▸ Listed entries:
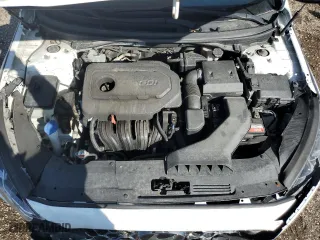 2019 Hyundai Sonata Sport with VIN 5NPE34AF3KH747637, listed as a Copart auction lot 48707865 with 189,257 mi miles and Salvage Title. Bid and sale history available at carsss.com. Image 11.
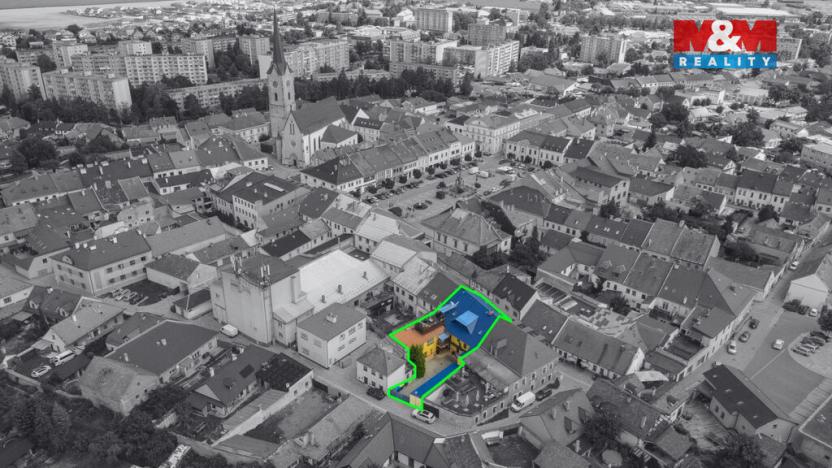 Prodej činžovního domu, Mohelnice, Lazebnická, 750 m2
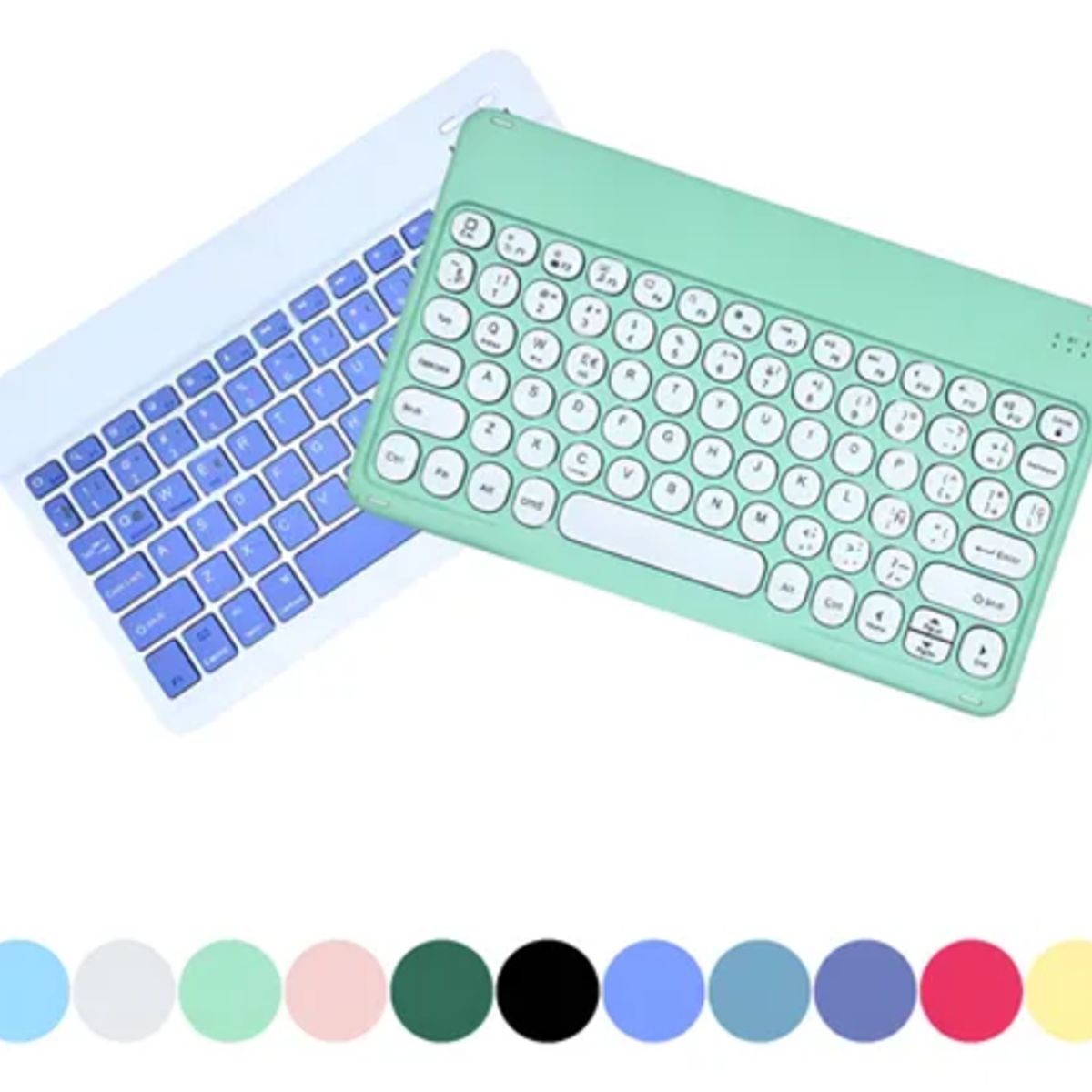 GENERICO - Teclado universal para iPad tablet tv varios colores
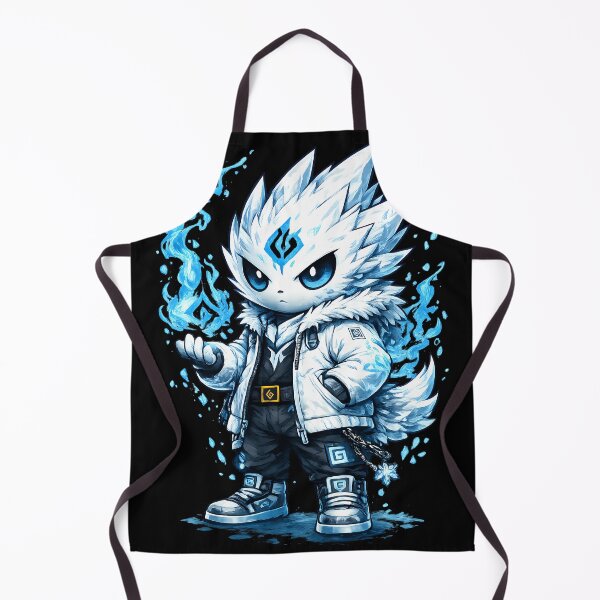 Item preview, GLYPH BEASTS Thunder Ice Wanderer designed and sold by Ekracreatives.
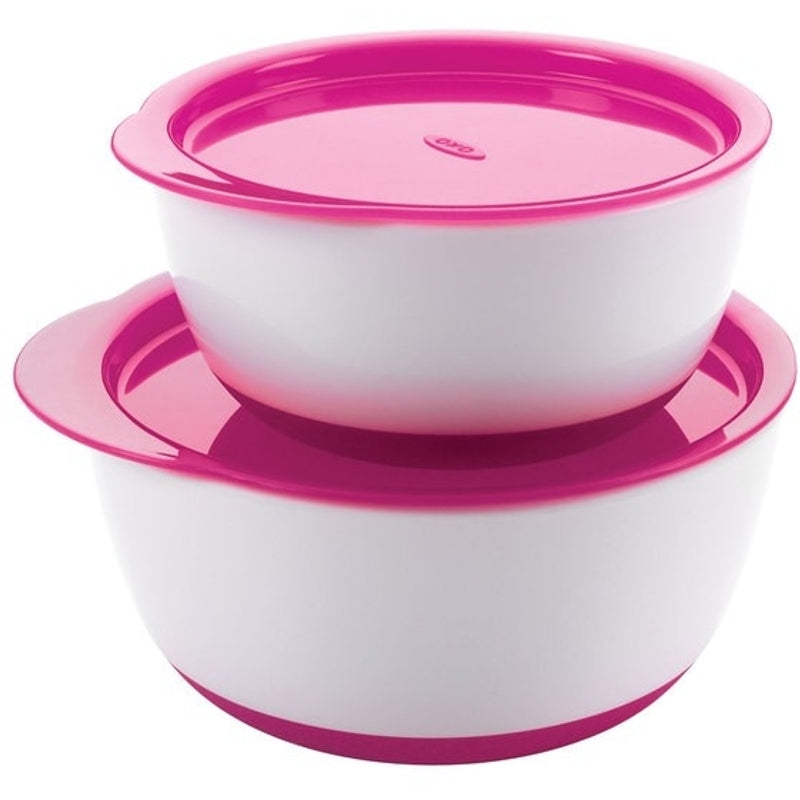 OXO Tot 小號與大號碗套裝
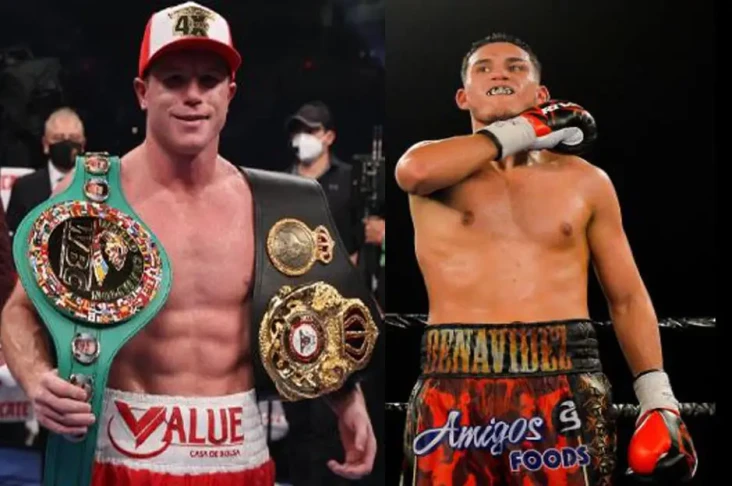 David Benavidez Lupakan...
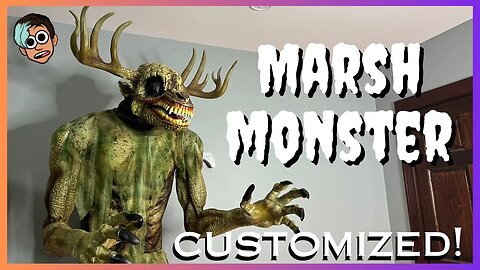 👻Home Depot - Marsh Monster Unboxing/Customization!🎃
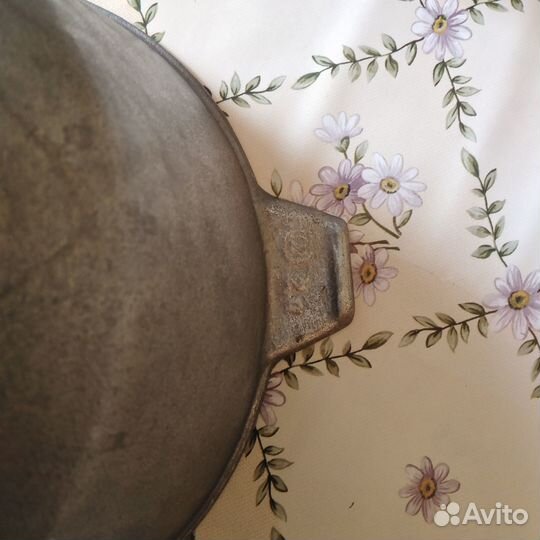 Чугуннок алюминиевый толстостенный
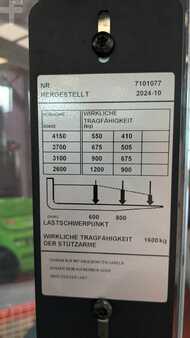 Ruční vysokozdvižný vozík 2024  Cesab S212L (4)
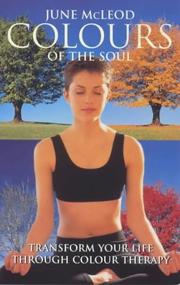 Cover of: Colours of the Soul by June McLeod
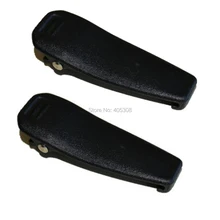 2x Замена Аллигатор зажим для ремня для BMW ICOM MB124 F3001 F4001 M88 V80 T70A M24 двухстороннее радио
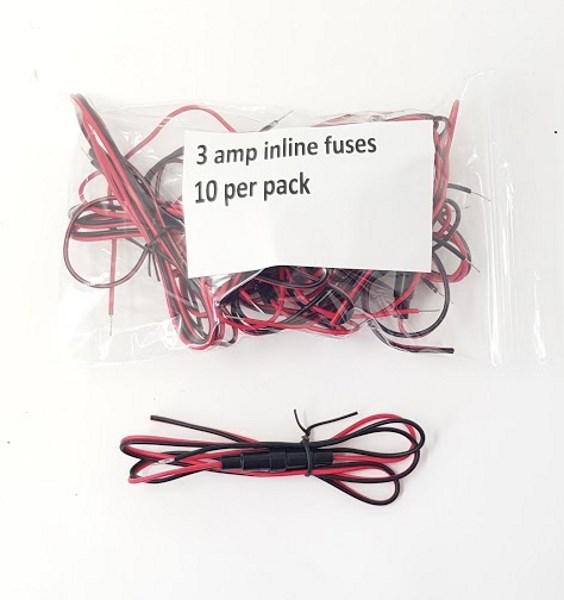 3 amp inline fuses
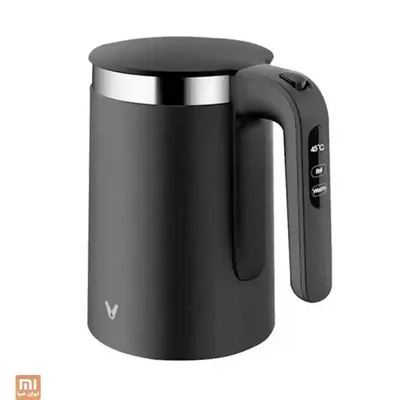 نسخه مشکی کتری هوشمند Viomi V-SK152a کتری برقی مشکی Viomi V-SK152a با کلیدهای 45 درجه Boil و Warm
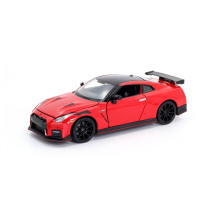 Žaislinis automobilis RMZ City Nissan GT-R R35 664981 Žaislinis automobilis RMZ City Nissan GT-R R35 664981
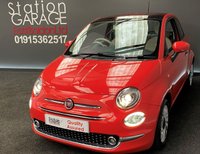 USED 2016 16 FIAT 500 1.2 LOUNGE 3d 69 BHP LOW MILEAGE &pound;20TAX TOUCH MEDIA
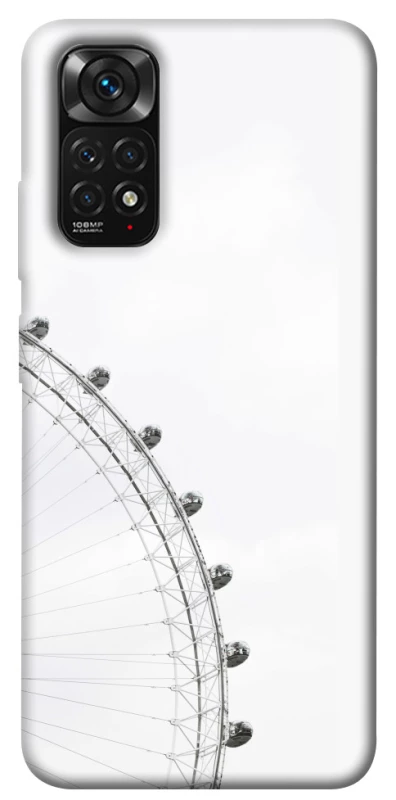 Чехол на Xiaomi Redmi Note 11 (Global) / Note 11S Колесо обозрения фото 1 из 1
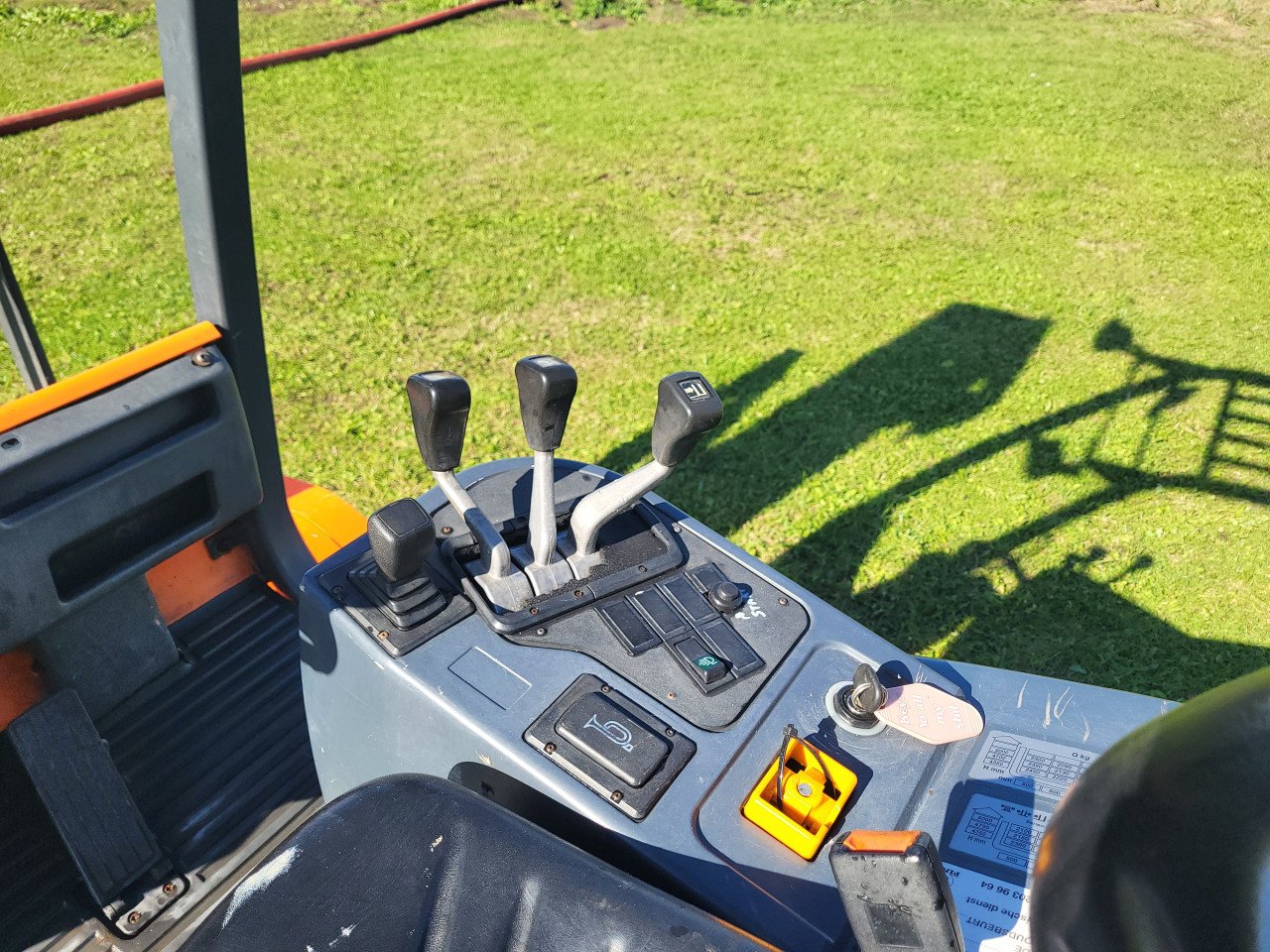 Heftruck steinbock 2.5 ton diesel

▸ Exercise:
Before you print the records, please set aside any pictures and keep everything else exact.

▸ Exercise response:
 2019 Hyundai Sonata Sport with VIN 5NPE34AF3KH747637, listed as a Copart auction lot 48707865 with 189,257 mi miles and Salvage Title. Bid and sale history available at carsss.com. Image 11.
 Prodej činžovního domu, Mohelnice, Lazebnická, 750 m2
 GENERICO - Teclado universal para iPad tablet tv varios colores
 Item preview, GLYPH BEASTS Thunder Ice Wanderer designed and sold by Ekracreatives.
 OXO Tot 小號與大號碗套裝
 David Benavidez Lupakan...
 👻Home Depot - Marsh Monster Unboxing/Customization!🎃
 Чугуннок алюминиевый толстостенный
 Ruční vysokozdvižný vozík 2024  Cesab S212L (4)
 Cover of: Colours of the Soul by June McLeod
 2x Замена Аллигатор зажим для ремня для BMW ICOM MB124 F3001 F4001 M88 V80 T70A M24 двухстороннее радио
 3 amp inline fuses
 نسخه مشکی کتری هوشمند Viomi V-SK152a کتری برقی مشکی Viomi V-SK152a با کلیدهای 45 درجه Boil و Warm
 Žaislinis automobilis RMZ City Nissan GT-R R35 664981 Žaislinis automobilis RMZ City Nissan GT-R R35 664981
 USED 2016 16 FIAT 500 1.2 LOUNGE 3d 69 BHP LOW MILEAGE &pound;20TAX TOUCH MEDIA
 Чехол на Xiaomi Redmi Note 11 (Global) / Note 11S Колесо обозрения фото 1 из 1
 Heftruck steinbock 2.5 ton diesel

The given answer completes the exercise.